Pero hoy parecemos ajenos a esa cultura del riesgo, creyéndonos vivir en un estable y duradero Estado del bienestar de sostenibilidad imposible.

Tal vez los científicos seamos víctimas del síndrome de Estocolmo, secuestrados como estamos por el espíritu del estimulante lema, y por eso nos preguntemos si existe algún ámbito en el que pueda haber ganancia sin riesgo. Tal vez por eso veamos con preocupación desde nuestra extraña atalaya una creciente tendencia a un acomodamiento prematuro e injustificado.

Albert Einstein, el mayor físico de la historia, que con sus teorías desafió grandes líneas de pensamiento bien establecidas en su tiempo dijo: «Los grandes espíritus siempre han tenido que luchar contra la oposición feroz de mentes mediocres». La frase suena dura, y más viniendo de él, que todos recordamos como un genio simpático y despeinado. Pero sin duda sabía por qué lo decía. Einstein tuvo que asumir el riesgo de defender ideas que suponían un salto cualitativo en el conocimiento de la época frente a la agresividad de quienes se sentían cómodos en los paradigmas anteriores.

¿Tal vez quienes eligieron el eslogan del EEI se inspiraron en la reflexión del genio?

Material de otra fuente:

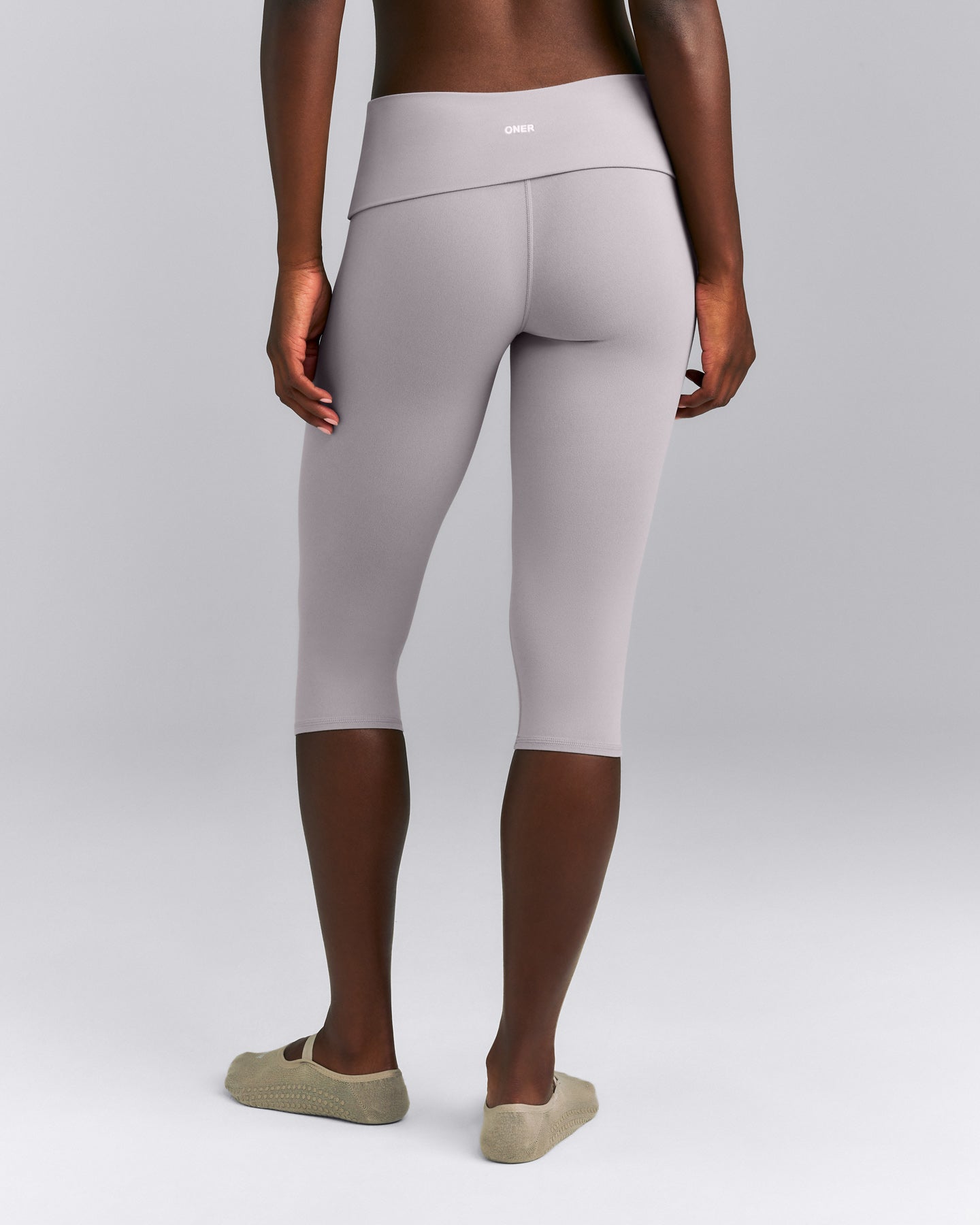SoftMotion™ Fold Over Capri Leggings | Zinc Gray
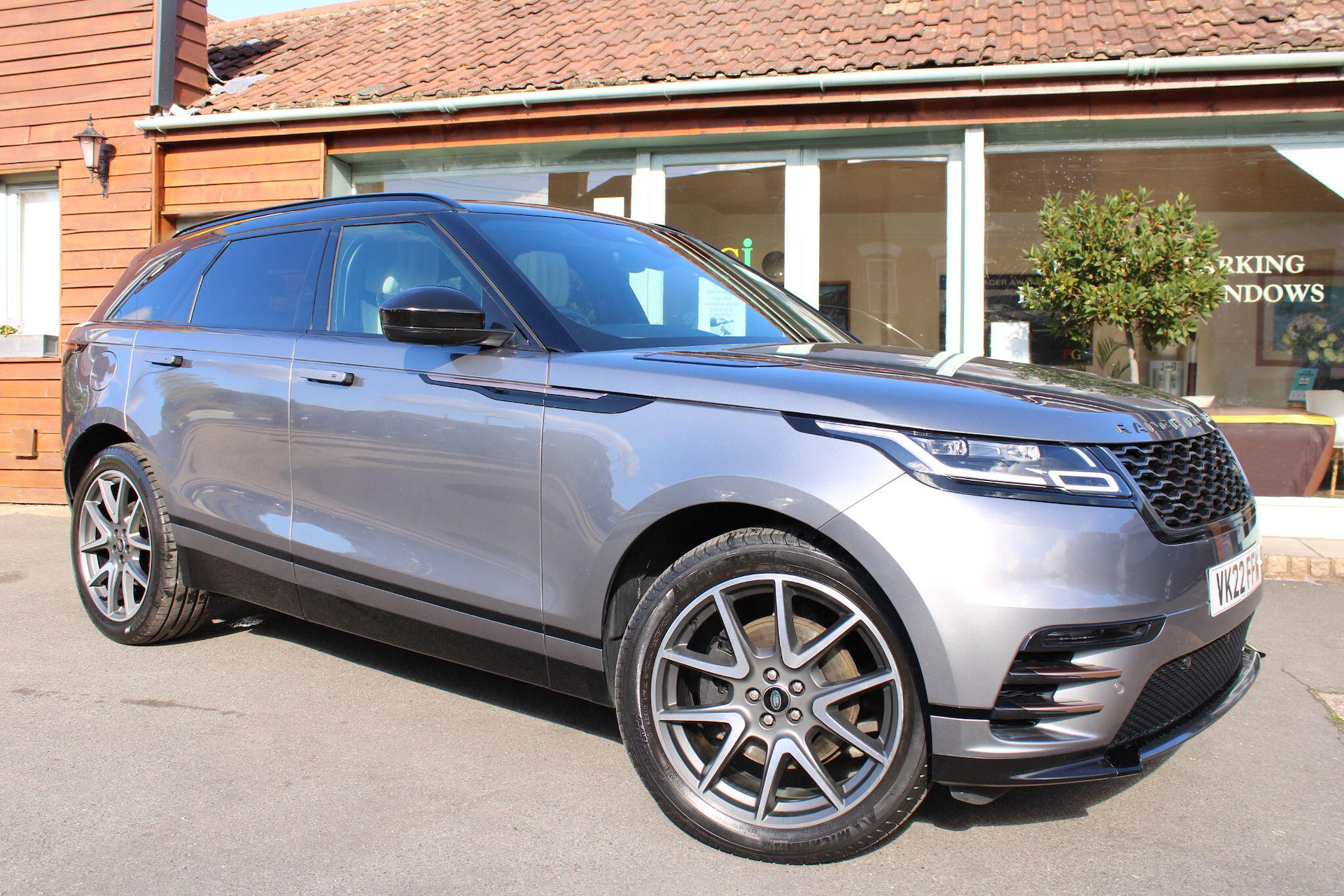 2022 Land Rover Range Rover Velar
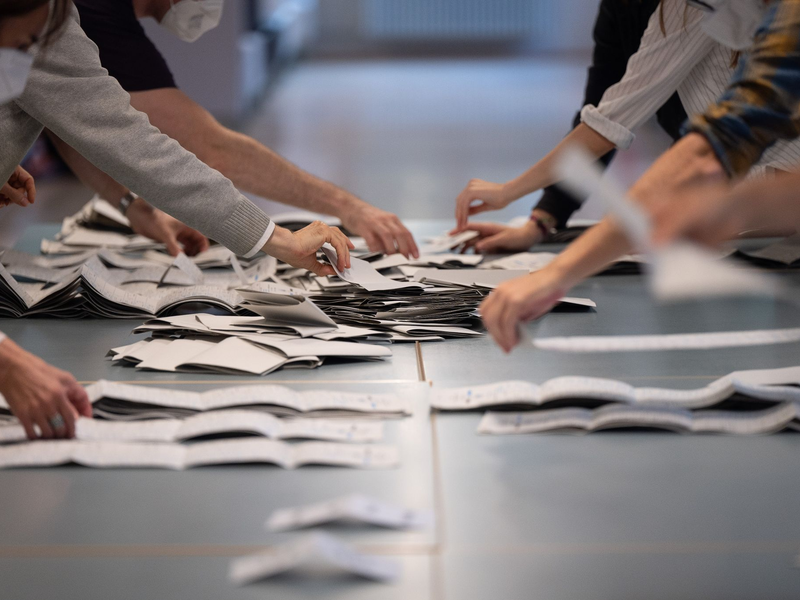 Karlsruhe: Die Bundestagswahl 2021 in Berlin muss teilweise wiederholt werden. - Foto: Sebastian Gollnow/dpa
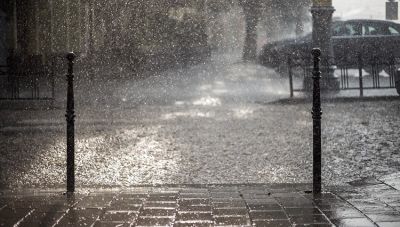 Επικαιροποιήθηκε το έκτακτο δελτίο της ΕΜΥ-Βροχές και καταιγίδες στην Κρήτη μέχρι το απόγευμα της Τρίτης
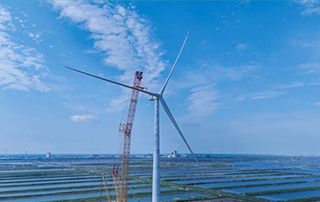 全球最大26兆瓦（wǎ）级海（hǎi）上风电机组成功吊装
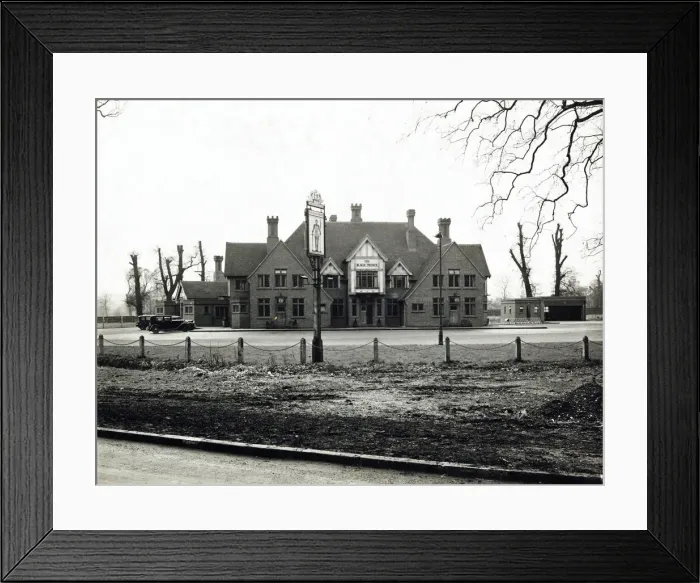 Framed Print : Photograph of Black Prince PH, Bexley, Greater London Framed Print : Photograph of Black Prince PH, Bexley, Greater London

Vivimos en una constante sokatira. Un extremo nos empuja hacia el pragmatismo más alérgico al riesgo que anestesia nuestra voluntad y el otro a la utopía permanente, que imposibilita que nuestros sueños se proyecten en la realidad transformándola.

Es hora de la ambición serenamente arriesgada que tenga además la virtud de ilusionar contagiosamente y resucitar la esperanza.